There are already fewer cars parked here but the signs are out, this will no longer be a parking as of Saturday and it's catching a few people off guard.
It was nearly two years ago VCU paved that parking lot, with protestors standing by. Now that asphalt is going to go. The city began prepping the 2-acre lot this week.
For a ceremony on Tuesday to officially begin removal. A longtime wish of those who've been fighting for what's underneath.
"We say get your asphalt of our ancestors," said Richmond NAACP Executive Director King Khalfani.
"We consider parking cars on a burial ground to be a desecration," said former Richmond city council member Sa'ad El-Amin during one of his court hearings.
Portions of this parking lot are believed to be on top of a long neglected slave burial ground.

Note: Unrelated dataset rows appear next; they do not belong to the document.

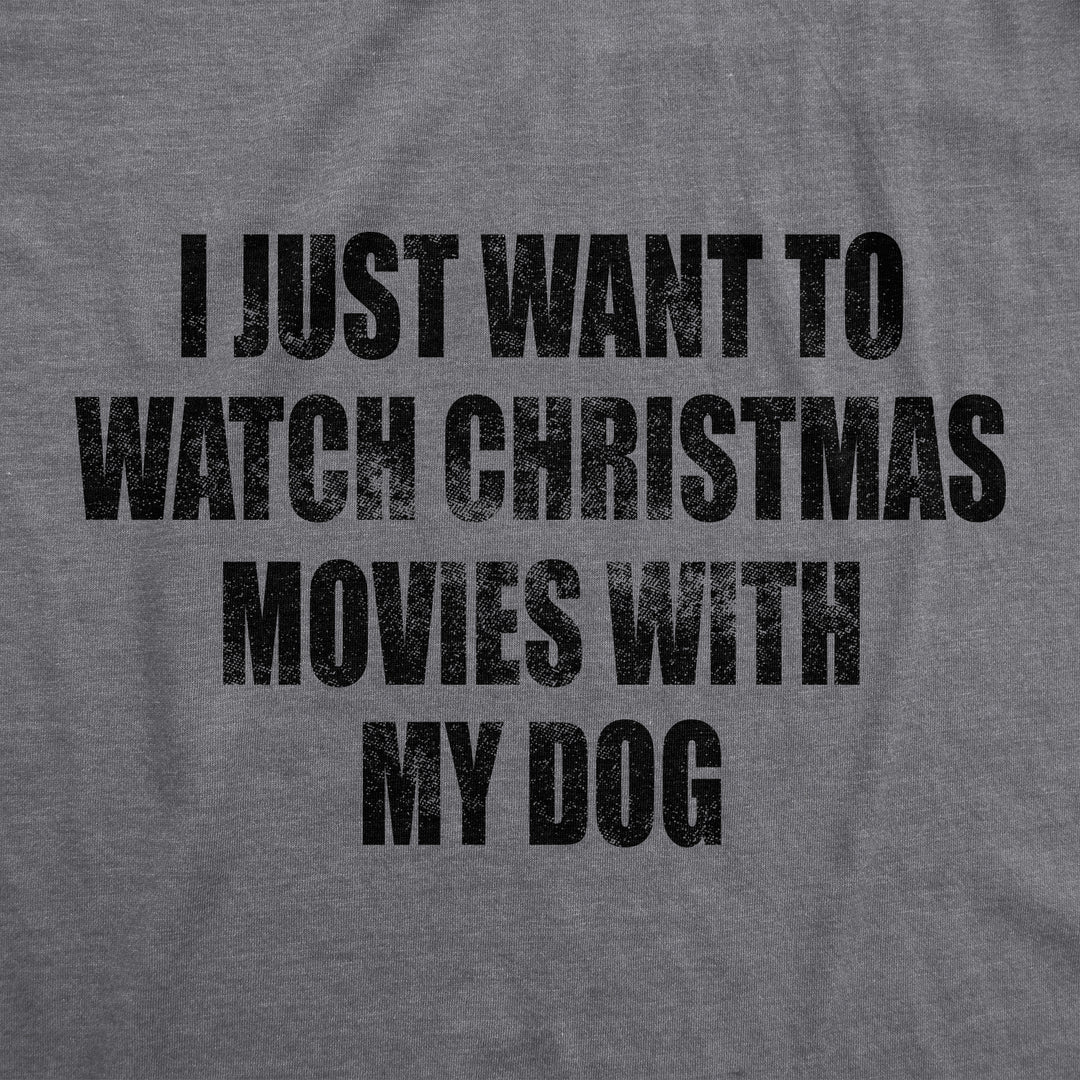 I Just Want To Watch Christmas Movies With My Dog Women's T Shirt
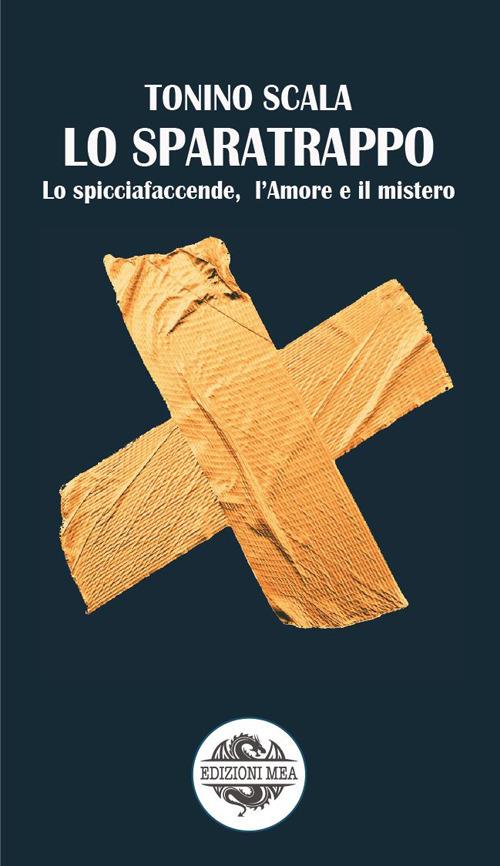 Lo sparatrappo. Lo spicciafaccende, l'amore e il mistero - Tonino Scala - copertina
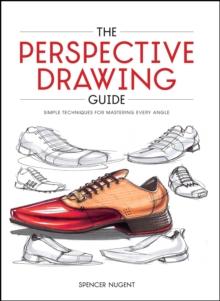 The Perspective Drawing Guide : Simple Techniques for Mastering Every Angle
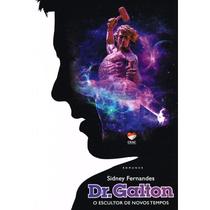 Dr. Galton - O Escultor de Novos Tempos Dr. Galton - O Escultor de Novos Tempos
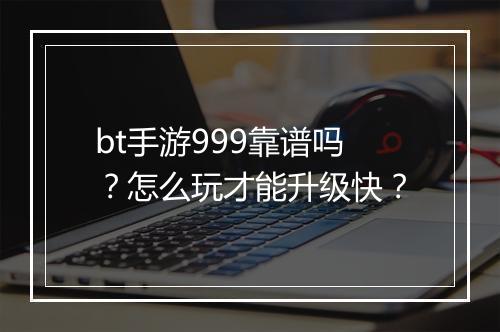 bt手游999靠谱吗？怎么玩才能升级快？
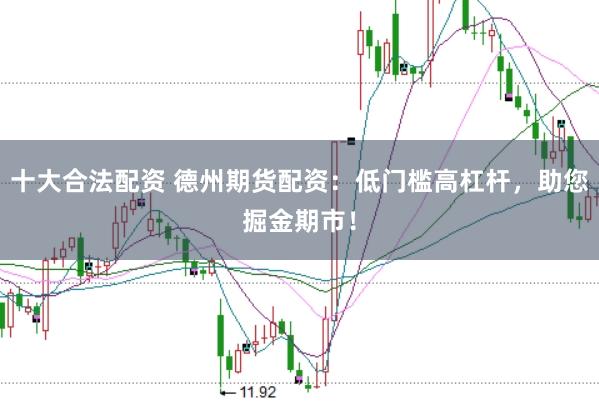 十大合法配资 德州期货配资：低门槛高杠杆，助您掘金期市！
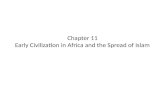 Chapter 11 Early Civilization in Africa and the Spread of Islam
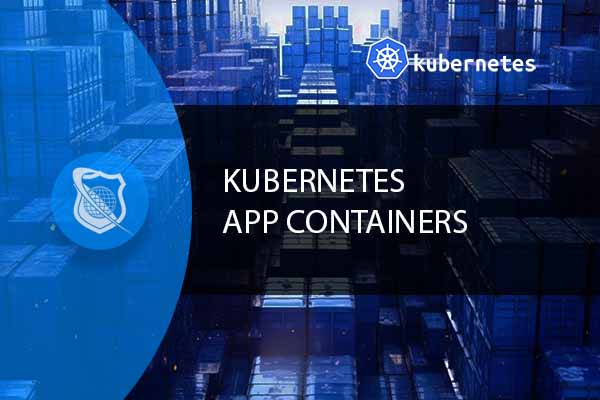 Kubernetes Container - Containerizing Apps in the Cloud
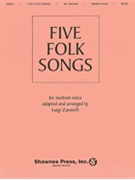 5 Folk Songs by Various - Zaninelli Luigi - for Medium Voice
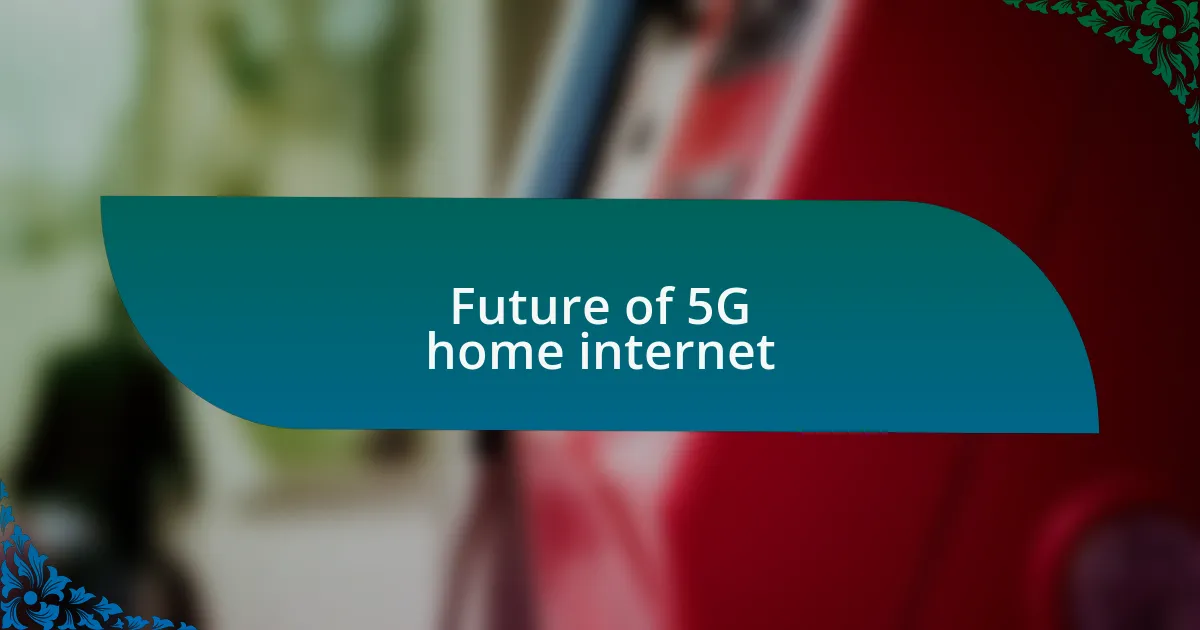 Future of 5G home internet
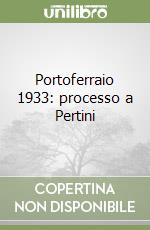 Portoferraio 1933: processo a Pertini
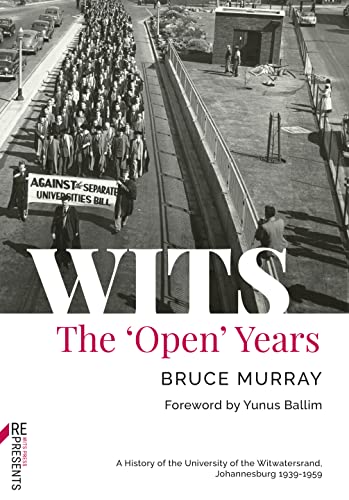 WITS: the 'Open' Years : A History of the University of the Witwatersrand, Johannesburg 1939-1959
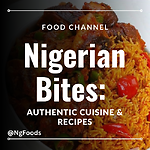 Nigerian Bites: Authentic Cuisine & Recipes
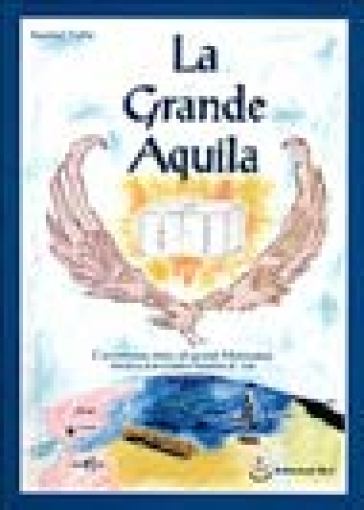 La grande aquila. L'avventurosa storia del grande Maimonide, medico, scienziato e maestro della Torà - Rochel Yaffe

VCU agreed to sell the land back to the state, which in turn will donate it to the city.
Three local contractors have agreed to remove the asphalt for free, a value of $123,000. That work starts next week, but signs went up today letting the 400 people with parking passes know they can't park here after Friday.
"Eventually I knew it was coming, but it's kind of, it's kind of a shock. I mean I've paid through the end of May," said Michael Cieslinski.
The faculty, staff and med students have classes through next week.
"That's kind of inconvenient for a lot of us, but who am I to say. I don't know a lot about the history," said Eric Okelberry.
VCU has a plan for the people with passes here. The cars will be moved to the Main Street Station lot and other VCU parking decks. There's a number posted on the signs for more information.
In the meantime, a long history of covering up, paving over or parking on top a piece of Richmond's history is days away from ending.
The lot officially becomes city property Monday night after the city council votes to accept it from VCU.
Again, the city will officially own the property Monday night and will start lifting the asphalt on Tuesday morning at 10:30 a.m. at a ceremony that will be open to the public.